Whitney and Bobby continue to date for a number of years, with Brown proposing to her by late 1991, and the two are married by the summer of 1992. Around this time, Kevin Costner handpicks Houston to star in what will become her film debut The Bodyguard. Though she is initially reluctant, Bobby encourages her to proceed. While on the set of The Bodyguard, Houston suffers a miscarriage, causing her to become very sickly.

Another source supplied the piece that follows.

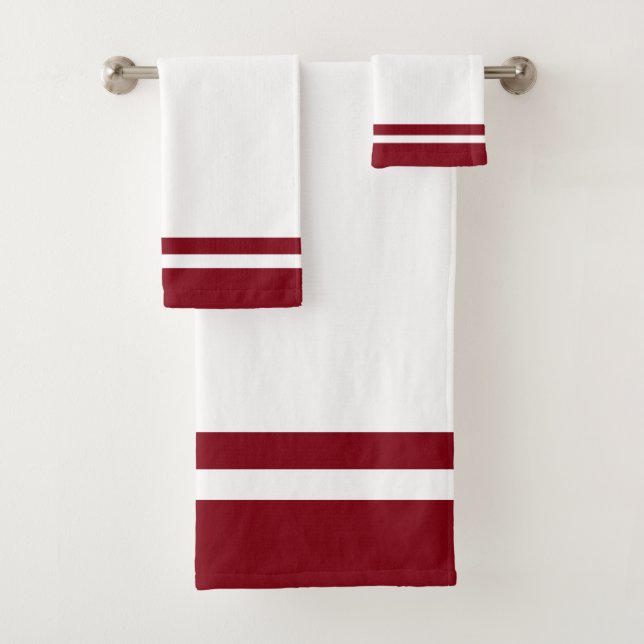 Striped Burgundy on White Bath Towel Set (Insitu)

Cissy visits and persuades Whitney to leave Bobby, but Whitney refuses.

Whitney struggles to keep up with fame and placate Bobby, whose career has taken a back seat to hers, as she continues to dabble with drug use after their daughter Bobbi Kristina is born. Soon after, The Bodyguard and its subsequent soundtrack becomes massively successful, leading Whitney to tour internationally for nearly two years.

The pressure continues to grow for both Whitney and Bobby, primarily Whitney, who continues to abuse drugs at the height of her stardom. Bobby deals with his situation similarly after losing his childhood friend Steve in gun violence.

==Cast==

- Yaya DaCosta as Whitney Houston
- Arlen Escarpeta as Bobby Brown
- Yolonda Ross as Robyn Crawford
- Suzzanne Douglas as Cissy Houston
- Mark Rolston as Clive Davis
- Wesley Jonathan as Babyface
- Reign Morton as Eddie Murphy
- Nafessa Williams as Kim
- James A. Watson Jr. as John Houston
- Deborah Lacey as Dionne Warwick (credited as "Award Presenter")
- Cornelius Smith Jr. as Michael Houston
- Tongayi Chirisa as Gary Houston
- Billy "Sly" Williams as Pastor Marvin Winans
- Saundra McClain as Aunt Bae
- Deborah Joy Winans as CeCe Winans
- Tim Bowman Jr. as BeBe Winans
- Hampton Fluker as Steve
- Kevontay Jackson as Club/Street Gangbanger (credited as "Gangbanger")

==Critical reception==
Whitney has received mixed-to-positive reviews from critics and holds a 62% approval rating on Rotten Tomatoes. On Metacritic, which assigns a normalized rating out of 100 to reviews from mainstream critics, the film received an average score of 54%, based on 17 reviews.

Whitney received a total of 4.5 million viewers during its premiere.

==Accolades==

| Award | Category | Recipient(s) | Result | Ref. |
| Black Reel Awards | Outstanding Director, TV Movie or Limited Series | Angela Bassett | Nominated |  |
| Outstanding Actress, TV Movie or Limited Series | Yaya DaCosta | Nominated |
| Directors Guild of America Awards, USA | Outstanding Directing in Miniseries or TV Film | Angela Bassett | Nominated |  |
| Imagen Awards | Best Primetime Program: Special or Made-for-TV-Movie | Whitney | Nominated |  |
| Make-Up Artists and Hair Stylists Guild | Best Contemporary Makeup | Marietta Carter-Narcisse and Noreen Wilkie | Nominated |  |
| Best Contemporary Hair Styling | Emanuel Millar and Rhonda O'Neal | Won |
| NAACP Image Awards | Outstanding Writing in a Motion Picture, Television | Shem Bitterman | Nominated |  |

==See also==
- The Bobby Brown Story, a two-part miniseries that aired in 2018 on BET. Gabrielle Dennis portrays Houston in this miniseries.
- Whitney Houston: I Wanna Dance with Somebody, a 2022 biopic starring Naomi Ackie as Houston. Ashton Sanders portrays Brown in the film, in addition to Nafessa Williams playing Robyn Crawford.